EXERCISE DESCRIPTION: Would you transcribe the records below from the line with "Next, we will" to the line with "Pulse: deep, weak, slow, forceless.", ends included, exactly and with nothing more, leaving the pictures out?

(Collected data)
-----
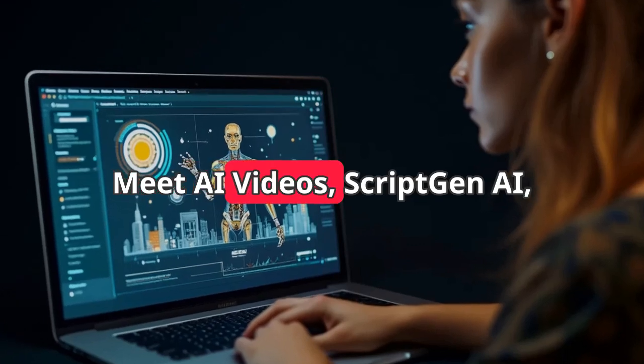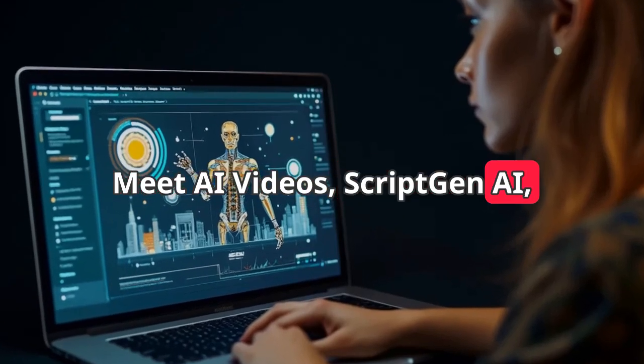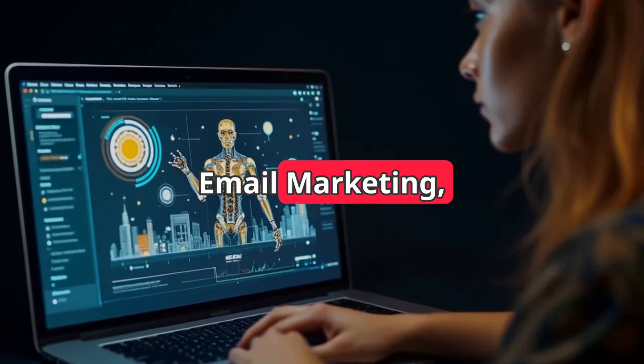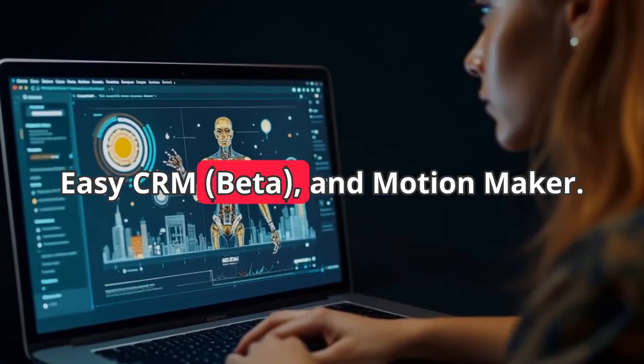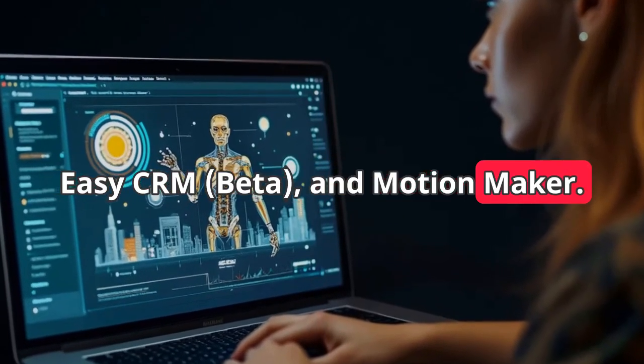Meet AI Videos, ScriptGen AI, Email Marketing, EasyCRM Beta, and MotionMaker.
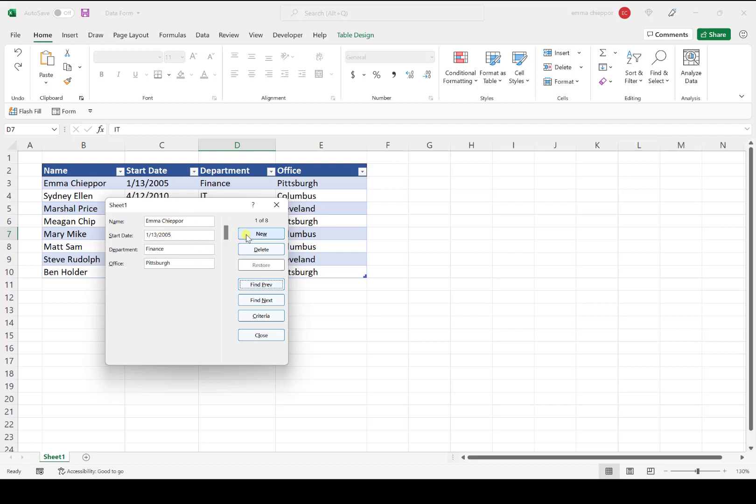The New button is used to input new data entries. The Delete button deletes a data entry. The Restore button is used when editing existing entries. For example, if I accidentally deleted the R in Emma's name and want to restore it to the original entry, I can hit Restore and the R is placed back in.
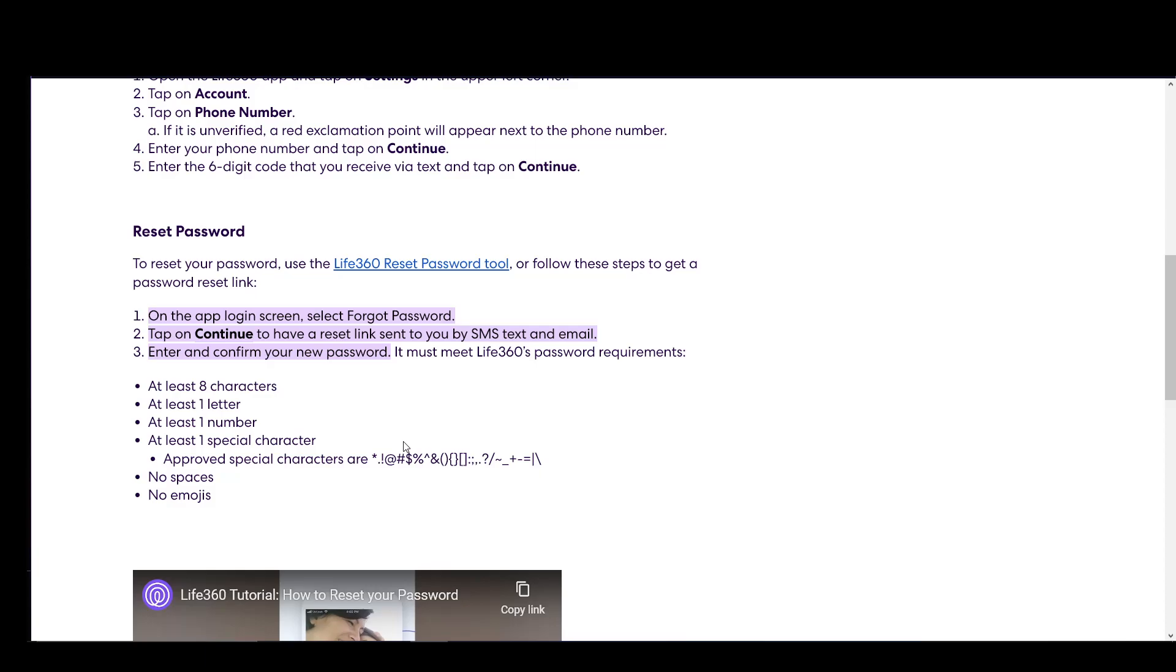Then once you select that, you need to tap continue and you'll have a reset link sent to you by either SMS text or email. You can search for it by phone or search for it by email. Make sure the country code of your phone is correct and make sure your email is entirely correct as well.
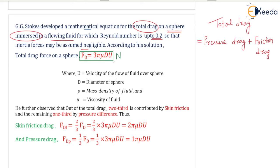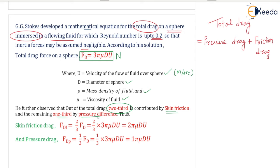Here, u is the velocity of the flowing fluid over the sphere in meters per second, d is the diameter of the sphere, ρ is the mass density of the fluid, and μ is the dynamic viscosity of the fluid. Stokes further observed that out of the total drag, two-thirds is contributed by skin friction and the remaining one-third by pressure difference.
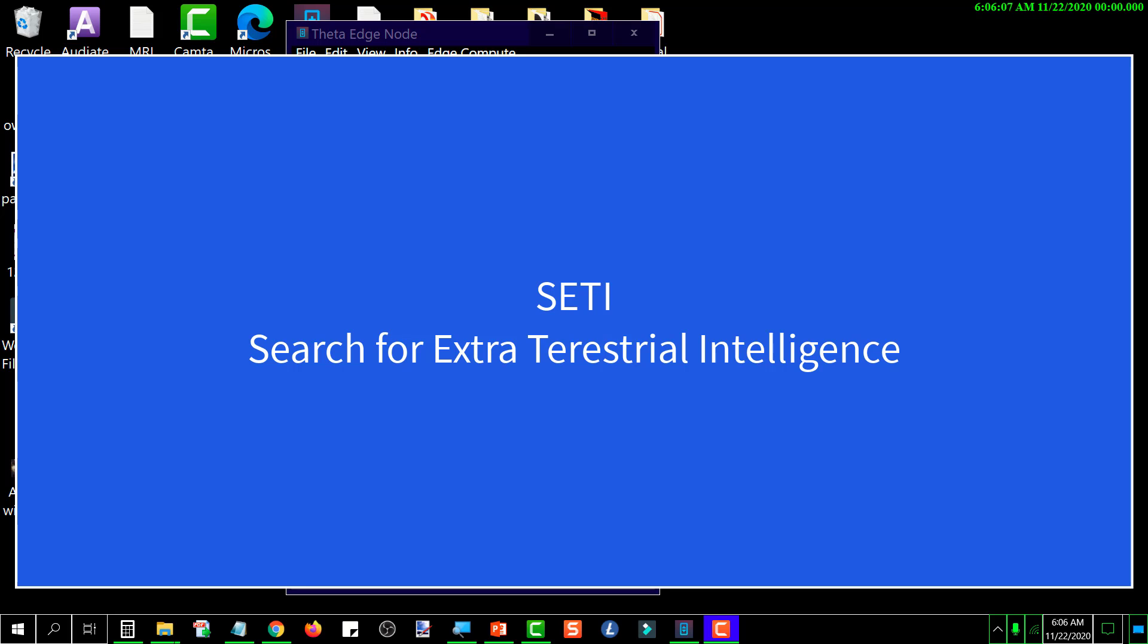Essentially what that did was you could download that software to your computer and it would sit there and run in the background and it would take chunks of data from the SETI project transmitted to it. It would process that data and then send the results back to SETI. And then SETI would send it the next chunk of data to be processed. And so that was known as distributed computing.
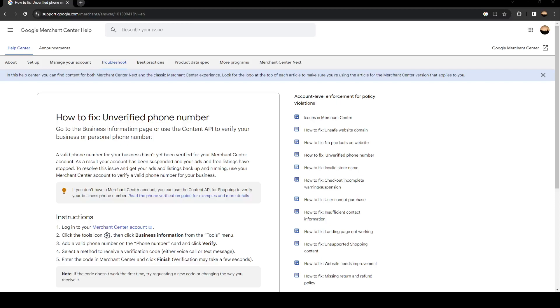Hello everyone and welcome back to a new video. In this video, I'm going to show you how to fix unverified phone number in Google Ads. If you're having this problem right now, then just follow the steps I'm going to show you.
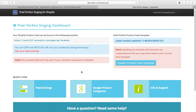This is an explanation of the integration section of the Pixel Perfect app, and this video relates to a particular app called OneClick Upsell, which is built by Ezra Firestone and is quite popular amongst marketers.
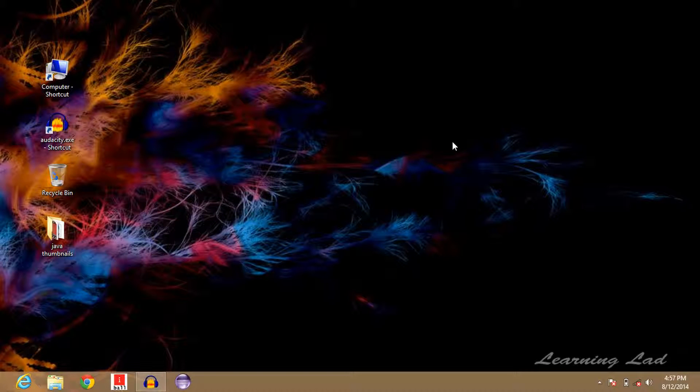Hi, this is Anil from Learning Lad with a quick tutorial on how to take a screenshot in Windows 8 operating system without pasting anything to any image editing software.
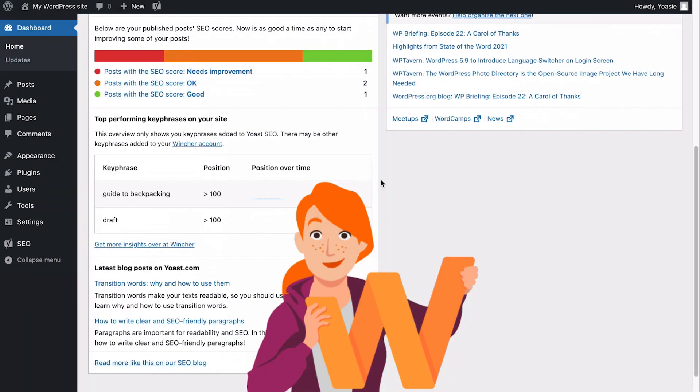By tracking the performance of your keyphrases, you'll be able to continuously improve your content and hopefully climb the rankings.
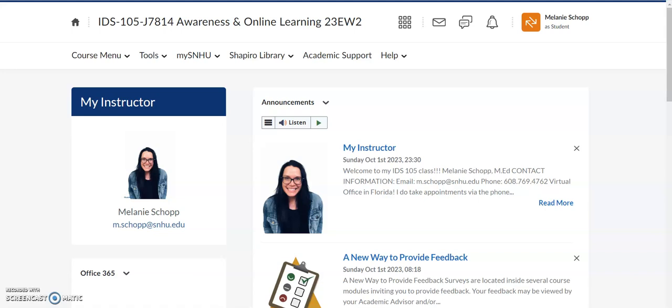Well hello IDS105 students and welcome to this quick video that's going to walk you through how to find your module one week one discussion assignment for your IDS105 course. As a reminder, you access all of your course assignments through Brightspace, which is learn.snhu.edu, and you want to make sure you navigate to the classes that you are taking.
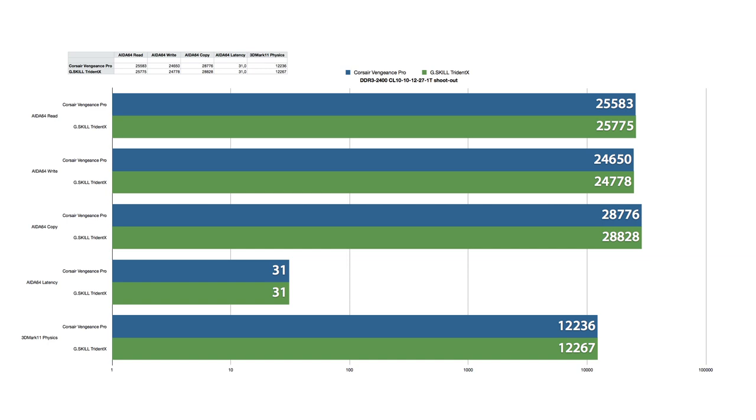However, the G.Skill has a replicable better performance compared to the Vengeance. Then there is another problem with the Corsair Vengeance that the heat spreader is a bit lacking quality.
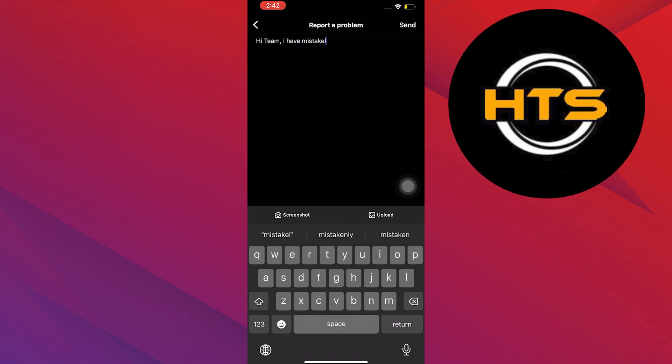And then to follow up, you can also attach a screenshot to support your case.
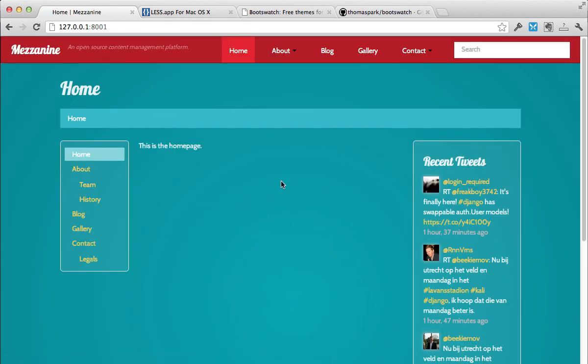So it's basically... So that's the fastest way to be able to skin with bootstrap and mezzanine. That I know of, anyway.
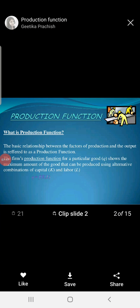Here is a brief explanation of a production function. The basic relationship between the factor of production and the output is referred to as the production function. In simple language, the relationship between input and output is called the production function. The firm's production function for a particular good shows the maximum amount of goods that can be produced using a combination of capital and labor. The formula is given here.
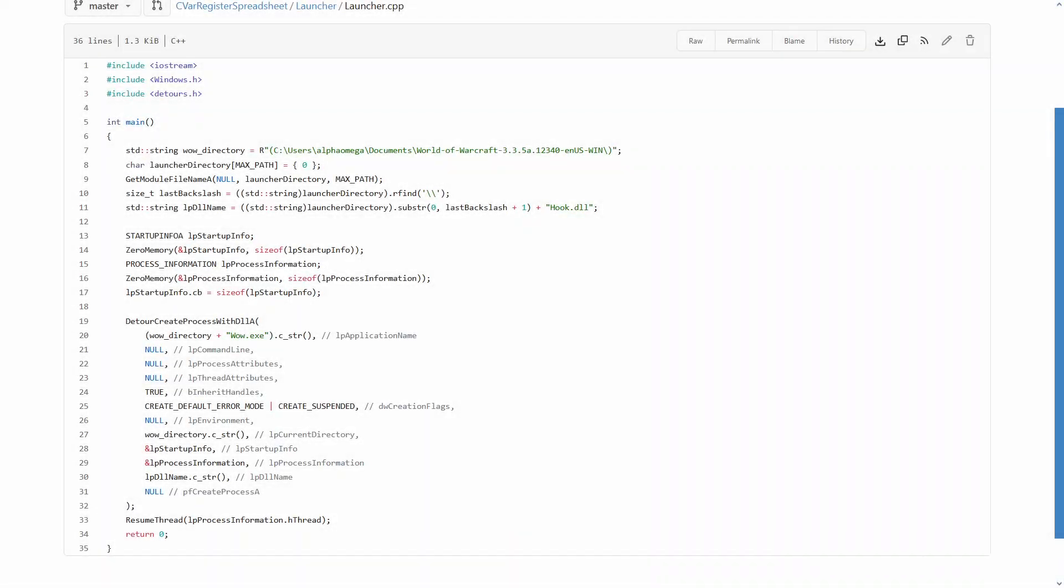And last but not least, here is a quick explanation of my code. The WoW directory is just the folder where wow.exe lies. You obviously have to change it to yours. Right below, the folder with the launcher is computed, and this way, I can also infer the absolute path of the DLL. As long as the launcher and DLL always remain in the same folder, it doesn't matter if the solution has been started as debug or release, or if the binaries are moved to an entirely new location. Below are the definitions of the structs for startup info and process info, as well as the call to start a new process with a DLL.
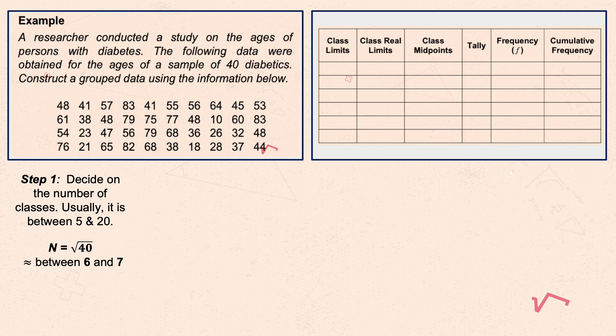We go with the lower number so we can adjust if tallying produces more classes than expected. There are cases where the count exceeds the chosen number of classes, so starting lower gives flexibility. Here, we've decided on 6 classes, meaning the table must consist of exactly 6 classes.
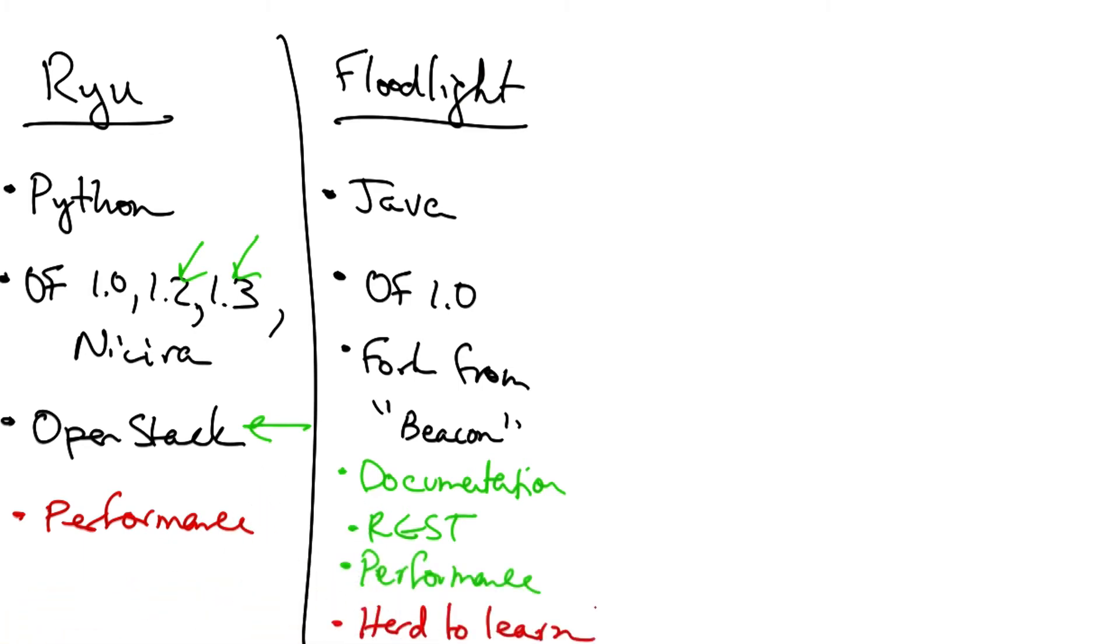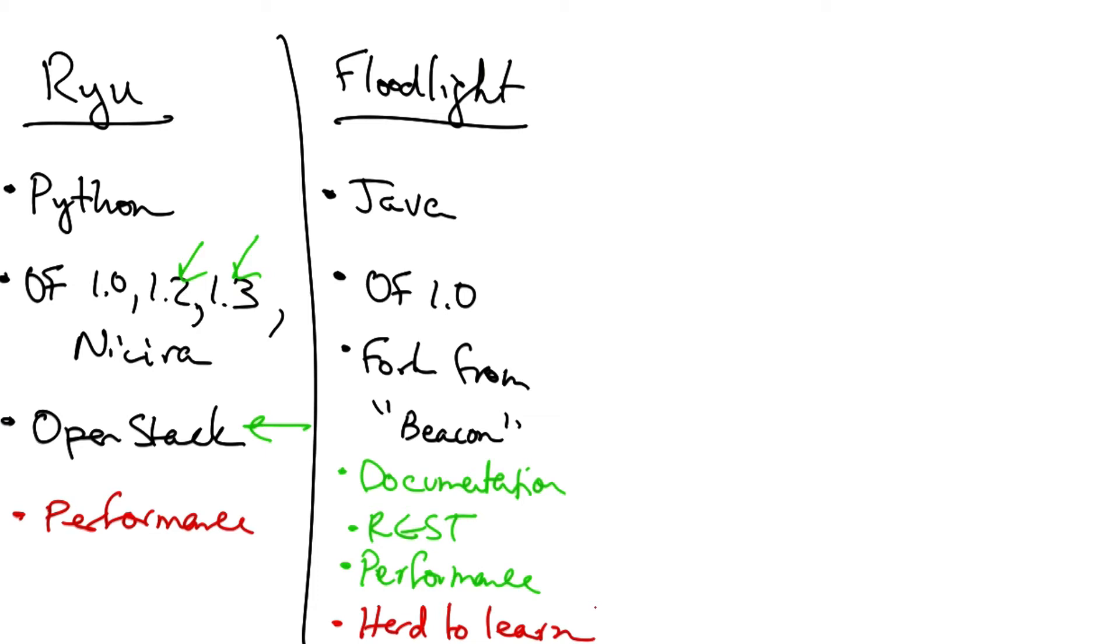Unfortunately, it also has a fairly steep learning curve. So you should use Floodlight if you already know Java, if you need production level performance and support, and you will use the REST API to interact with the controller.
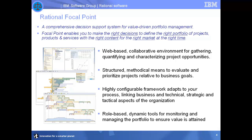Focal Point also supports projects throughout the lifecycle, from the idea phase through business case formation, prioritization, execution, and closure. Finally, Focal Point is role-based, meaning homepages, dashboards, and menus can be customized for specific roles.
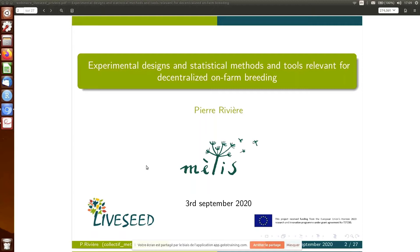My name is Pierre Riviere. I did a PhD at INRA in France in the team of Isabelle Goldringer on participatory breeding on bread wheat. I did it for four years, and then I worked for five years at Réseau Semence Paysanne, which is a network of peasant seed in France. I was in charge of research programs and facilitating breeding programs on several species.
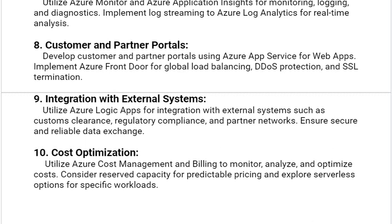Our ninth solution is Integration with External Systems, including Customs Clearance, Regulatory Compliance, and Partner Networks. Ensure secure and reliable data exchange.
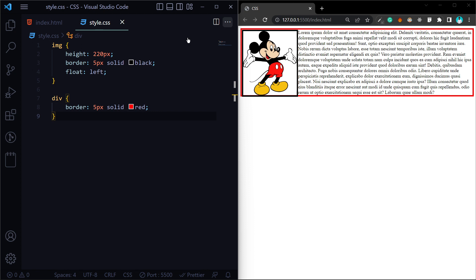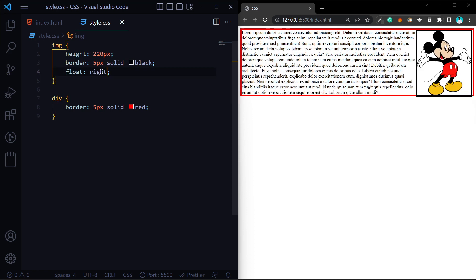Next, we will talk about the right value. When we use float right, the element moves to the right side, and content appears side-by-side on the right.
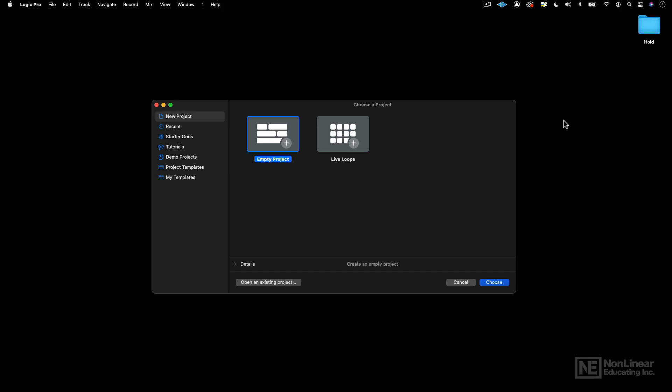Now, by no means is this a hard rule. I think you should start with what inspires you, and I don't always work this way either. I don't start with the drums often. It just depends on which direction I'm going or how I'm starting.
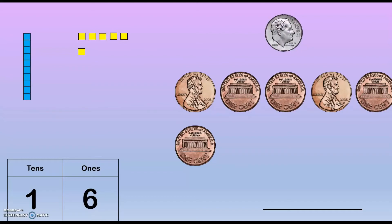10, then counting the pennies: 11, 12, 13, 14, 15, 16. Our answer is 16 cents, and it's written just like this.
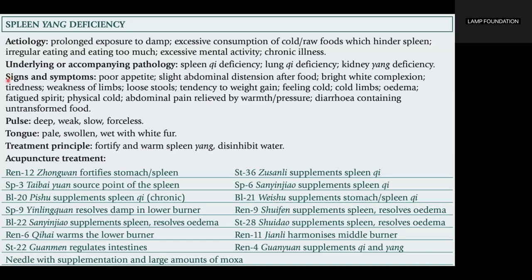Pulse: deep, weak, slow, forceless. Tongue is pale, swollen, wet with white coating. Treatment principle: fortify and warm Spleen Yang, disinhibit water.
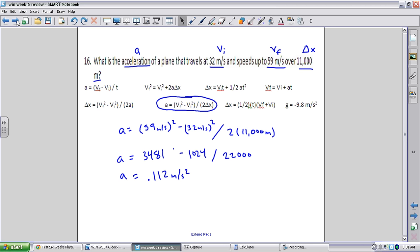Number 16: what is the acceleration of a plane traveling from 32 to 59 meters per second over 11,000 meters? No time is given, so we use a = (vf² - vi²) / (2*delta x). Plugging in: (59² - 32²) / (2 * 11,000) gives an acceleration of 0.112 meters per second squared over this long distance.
-----
OUTPUT OF THE TASK:
Next, we will talk about the right value. When we use float right, the element moves to the right side, and content appears side-by-side on the right.
Now, by no means is this a hard rule. I think you should start with what inspires you, and I don't always work this way either. I don't start with the drums often. It just depends on which direction I'm going or how I'm starting.
10, then counting the pennies: 11, 12, 13, 14, 15, 16. Our answer is 16 cents, and it's written just like this.
Pulse: deep, weak, slow, forceless. Tongue is pale, swollen, wet with white coating. Treatment principle: fortify and warm Spleen Yang, disinhibit water.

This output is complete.